2.3 Groups with special vaccination requirements
Please note: due to continuous updates being made to the Immunisation Handbook, the page number on the electronic version will not always match the hard copy version.
(i) Women planning pregnancy
The need for measles, mumps, rubella, varicella, diphtheria, tetanus and pertussis vaccination should be assessed as part of any pre-conception health check. Where previous vaccination history or infection is uncertain, relevant serological testing should be undertaken to ascertain immunity. Influenza vaccine is recommended routinely and pneumococcal vaccination is recommended for women with risk factors, including smokers. Women receiving live viral vaccines must be advised against falling pregnant within 28 days of vaccination.
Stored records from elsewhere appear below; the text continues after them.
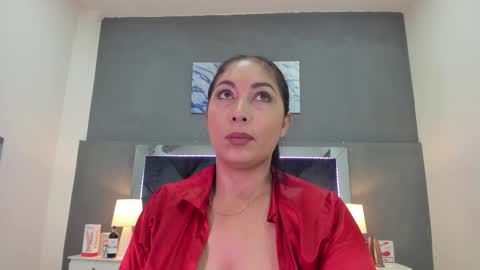 Lauralove online show from January 9, 10:26 pm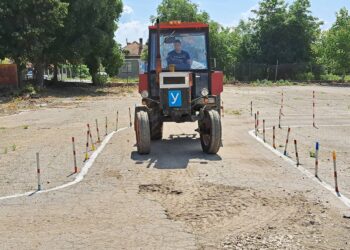 Гимназията  в Лозница наесен  с обновена сграда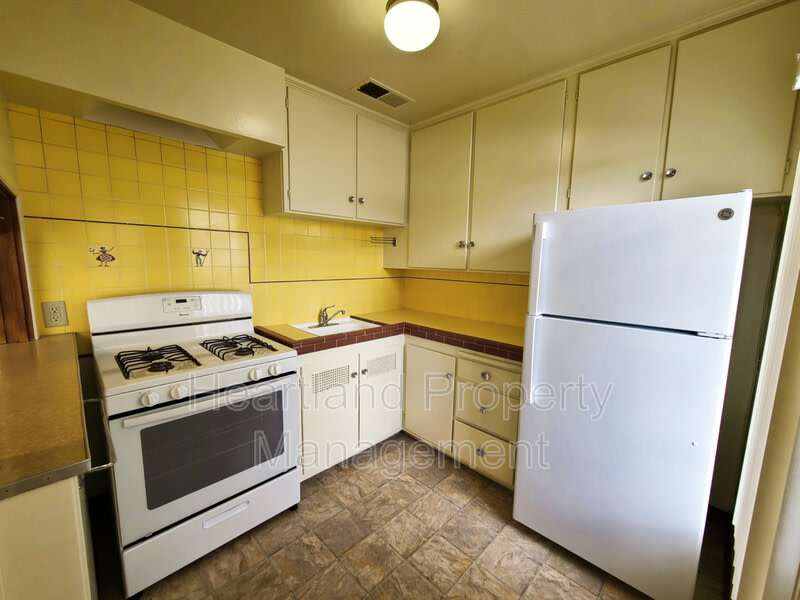5123 Wilson St. – photo 4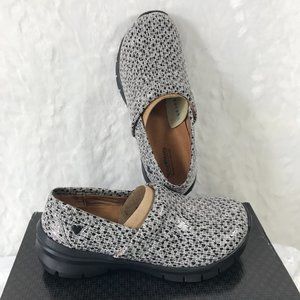 Nurse Mates Womens Libby NIB Chic Lightweight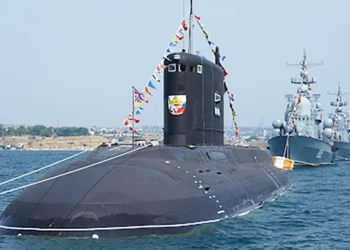 Rușii au scufundat barje la intrarea în portul Novorossiisk de teama Ucrainei. Și-au blocat Flota Mării Negre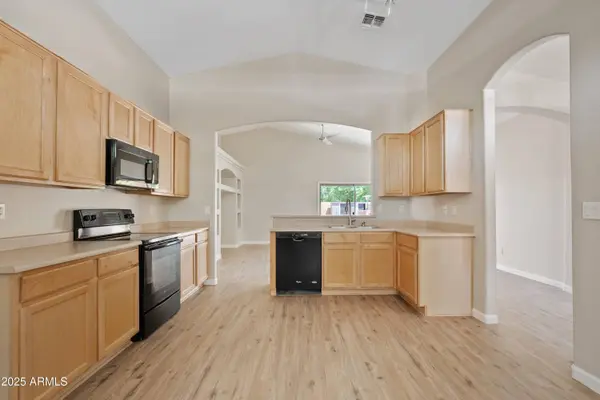 2136 W GOLDMINE MOUNTAIN Drive, Queen Creek, AZ 85144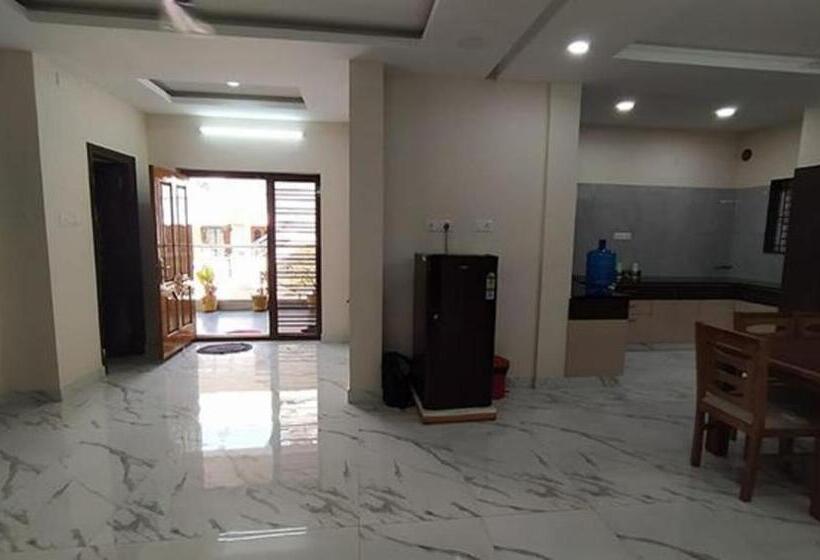 Hotelli Fabexpress 7 Hills Home Stay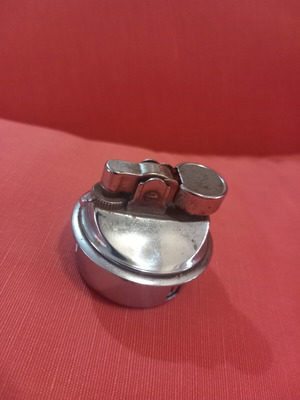 Vintage lighter used, partial function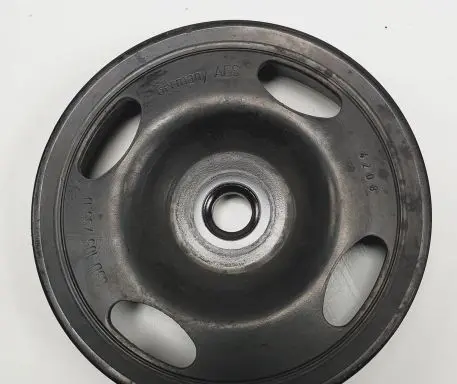 Volkswagen PASSAT B6 Crankshaft pulley 03D105255D
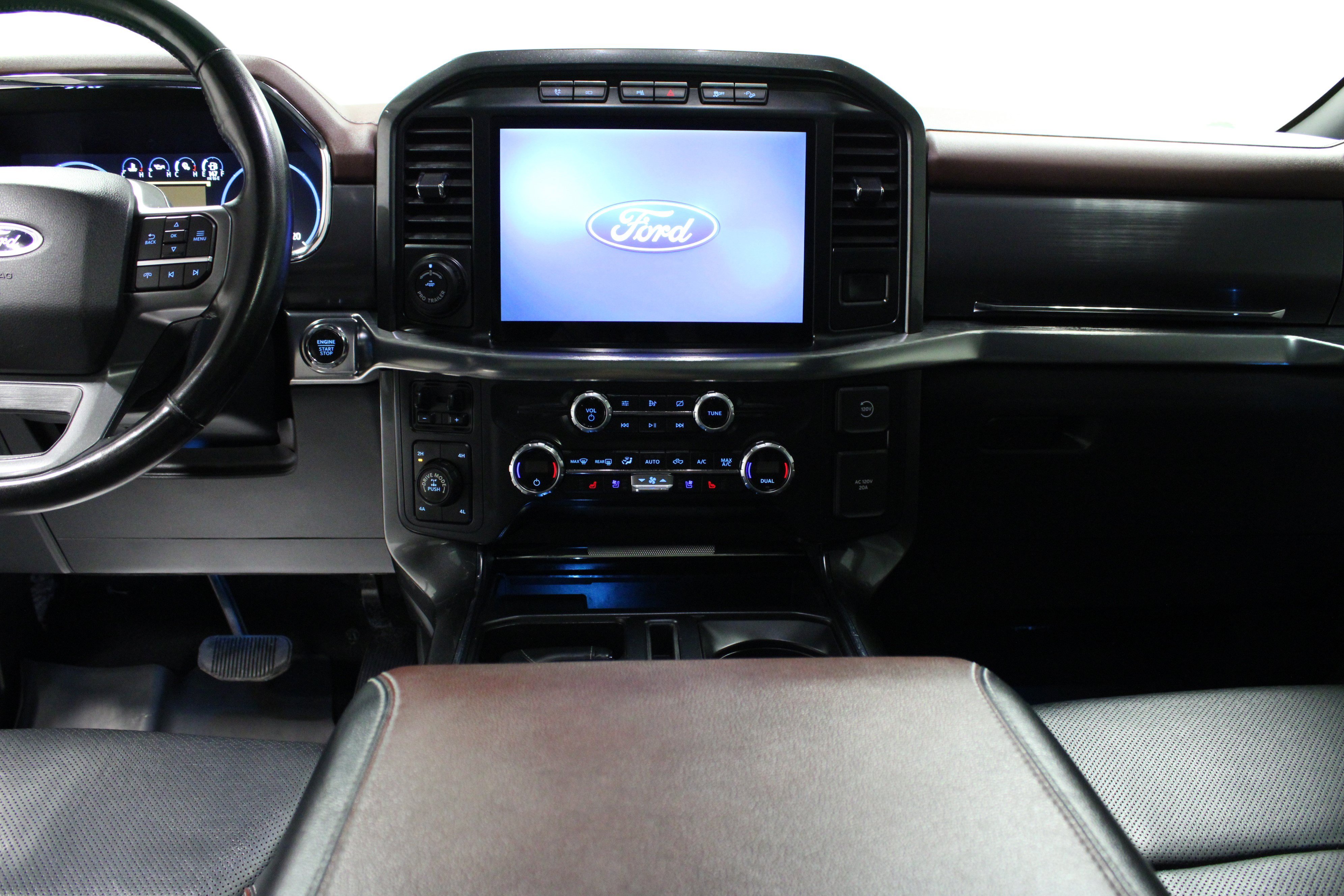 Used 2021 Carbonized Gray Metallic Ford LARIAT image 18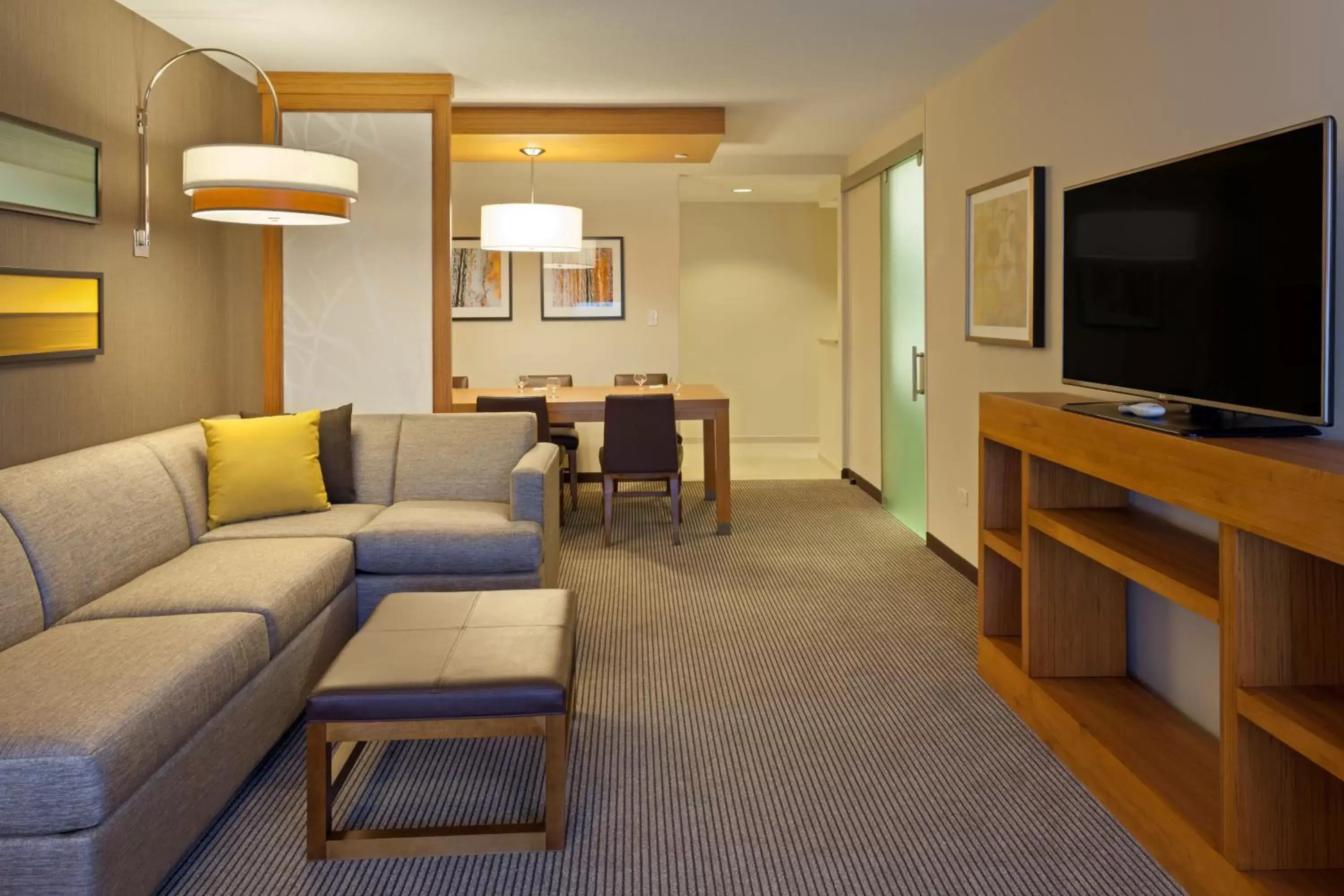 Communal lounge/ TV room, Seating Area in Hyatt Place Chicago Midway Airport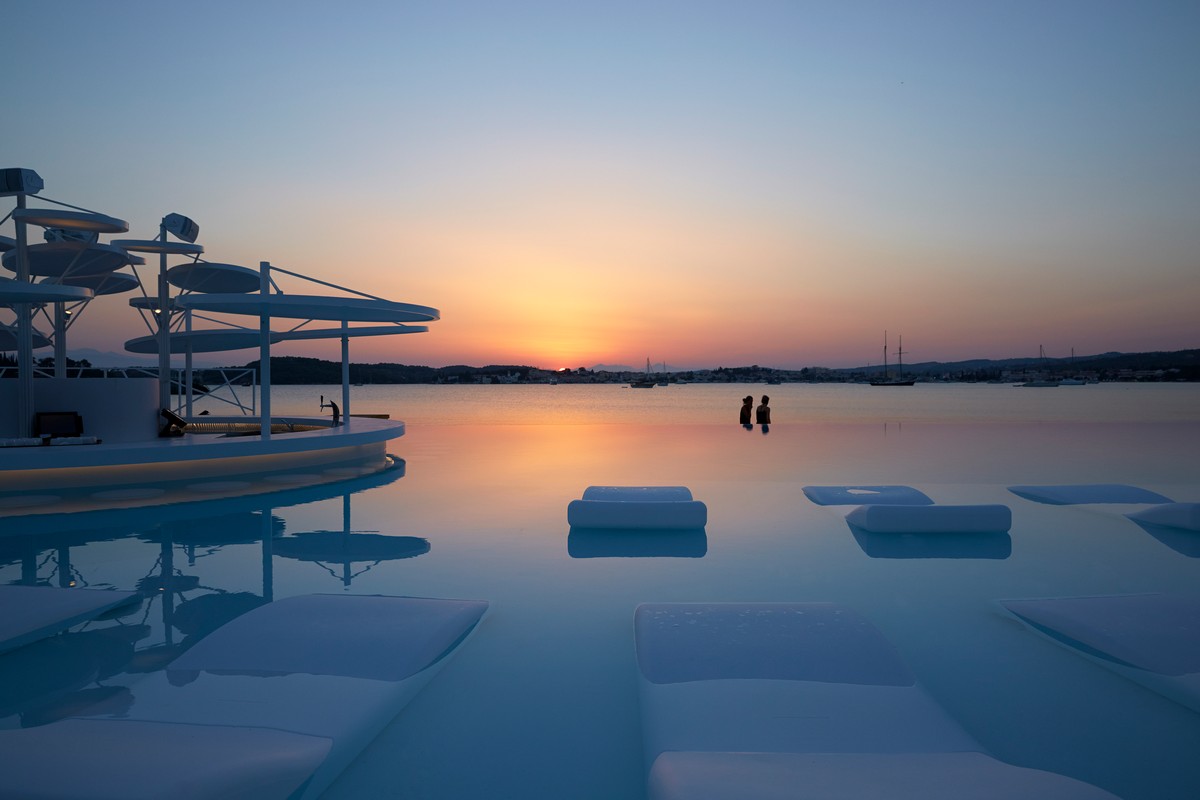 nikki-beach_4.jpg nikki-beach_4.jpg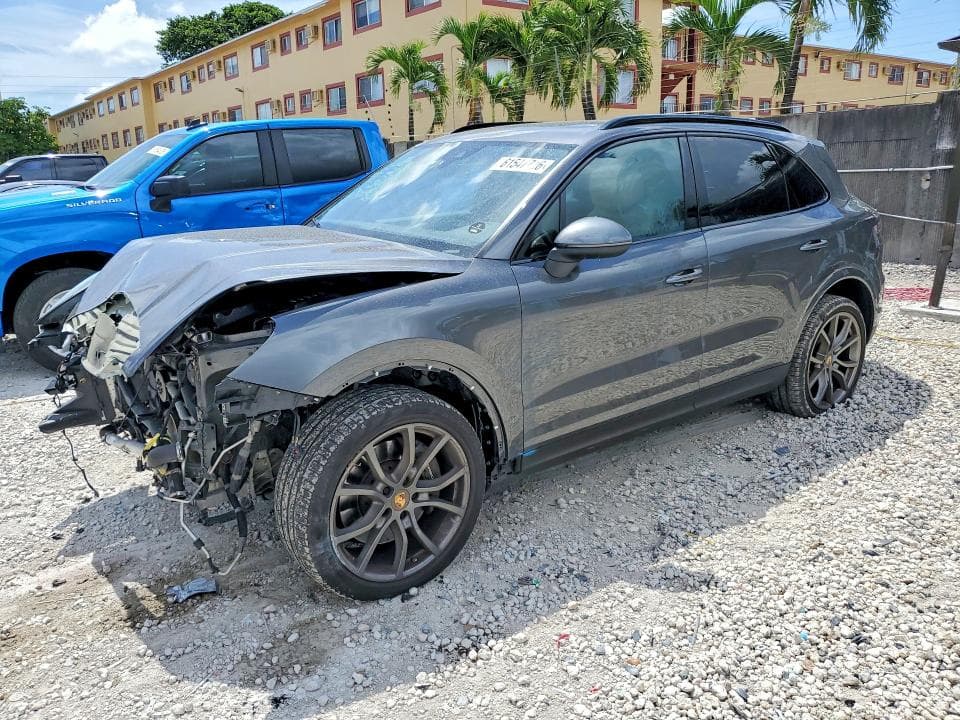 2022 PORSCHE CAYENNE - 1
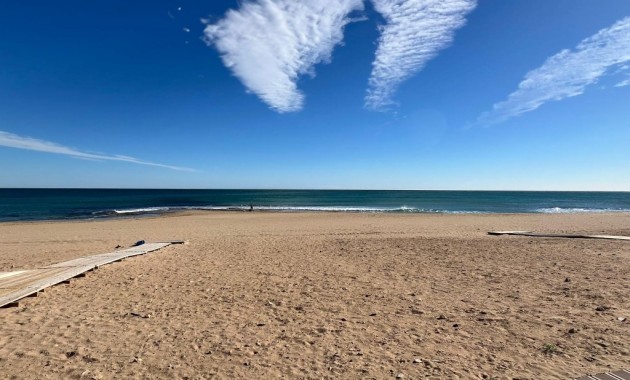 Herverkoop - Herenhuis -
La Mata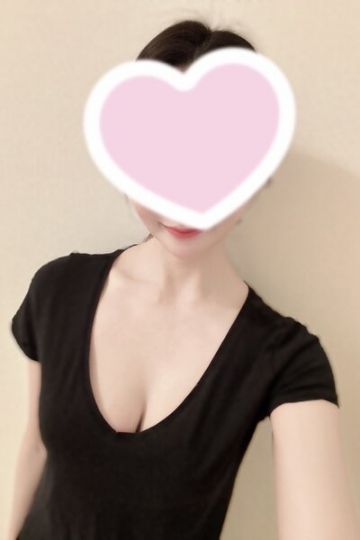 秋山みな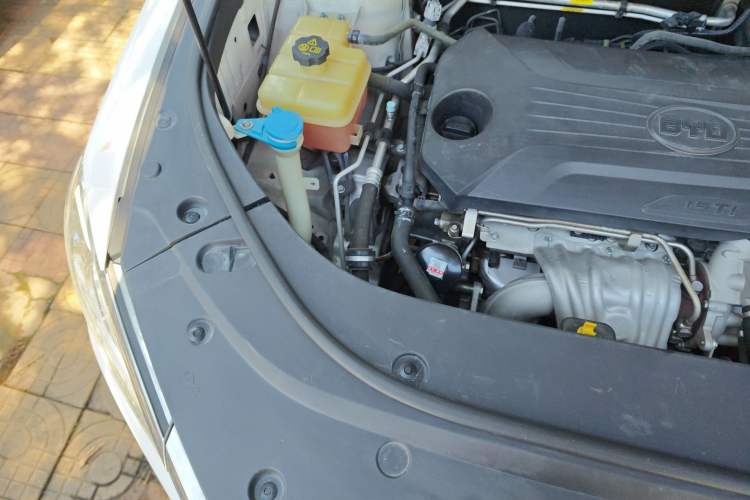 Used BYD Song Pro 2019 1.5T Automatic Elite Edition Engine Bay Right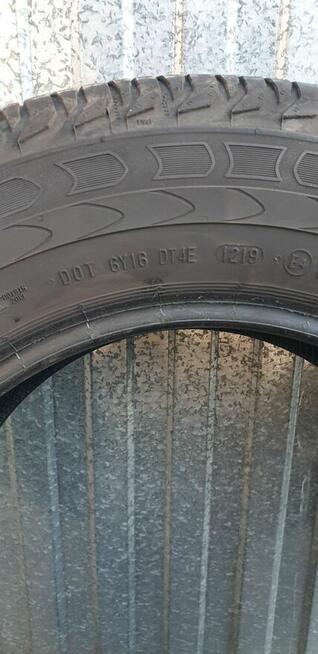 Komplet opon letnich do samochodu dostawczego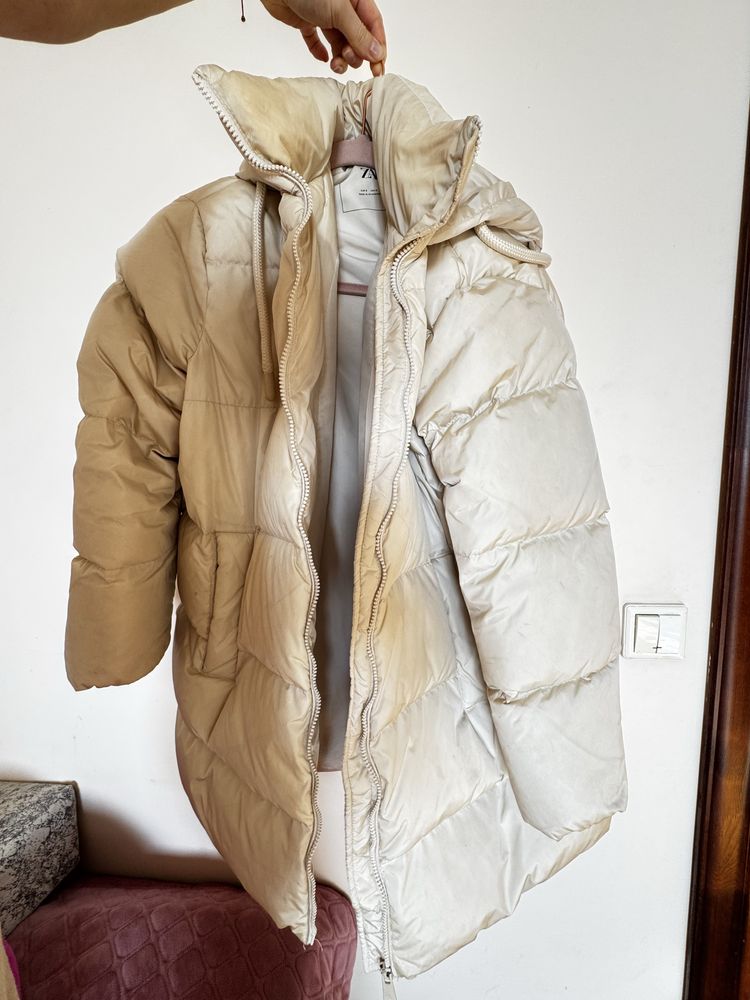Пуховик бежевий oversize Zara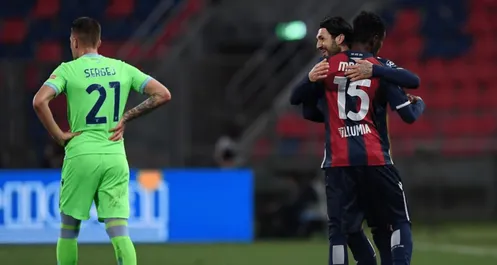 Bologna-Lazio 2-0, le pagelle: Sansone superlativo, sorpresa Mbaye. Skorupski para un rigore
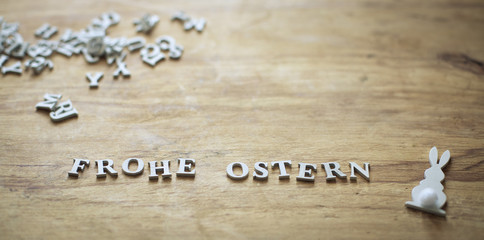 weiße Holzbuchstaben bilden die Worte 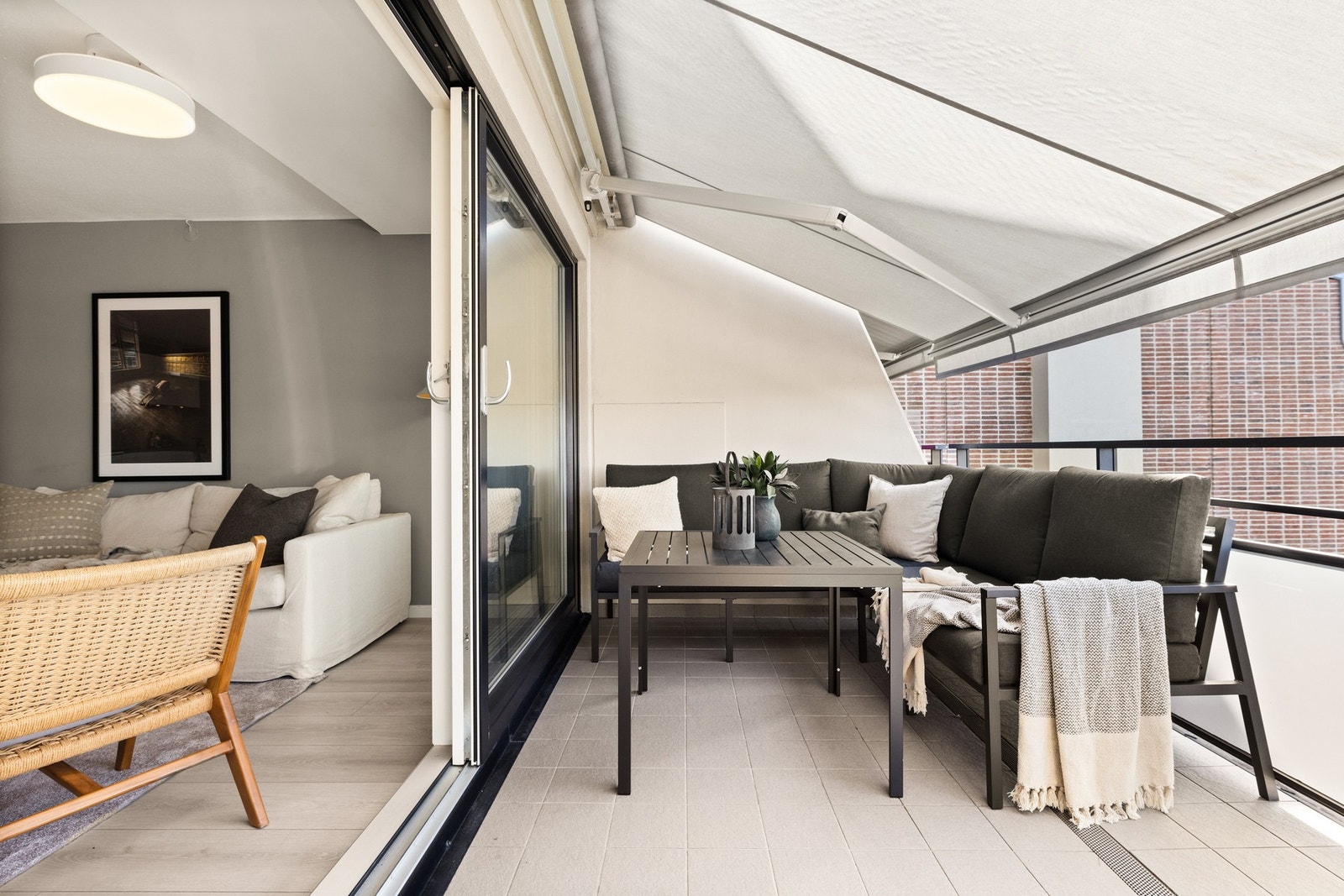 Det er bl.a. elektrisk solmarkise og strømuttak. Galleribilde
Please refer to individual disease chapters for more information about primary vaccination for these diseases.(ii) Pregnancy
Although the use of most vaccines during pregnancy is not usually recommended on precautionary grounds, there is no convincing evidence that pregnancy should be an absolute contraindication to the use of any vaccine, particularly inactivated vaccines. The only exception is vaccinia virus (smallpox vaccination), which has been shown to cause fetal malformation. There is some evidence, however, that fever per se is teratogenic.1,2 With the exception of the use of influenza vaccine, the NHMRC takes the conservative position that the use of vaccines during pregnancy might cause fever and should be avoided other than in situations of increased risk, where the benefits of protection from vaccination outweigh the risks. Eliminating the risk of exposure to vaccine-preventable diseases during pregnancy (eg. by changing travel plans, avoiding high-risk behaviours or occupational exposures) is an alternative to vaccination.Live attenuated vaccines are contraindicated for pregnant women because of the hypothetical risk of harm to the fetus should transmission occur. If a live attenuated vaccine is inadvertently given to a pregnant woman, or if a woman becomes pregnant within 4 weeks of vaccination, she should be counselled about the potential transmission, albeit extremely unlikely, to the fetus. There is, however, no indication to consider termination of a pregnancy in this situation.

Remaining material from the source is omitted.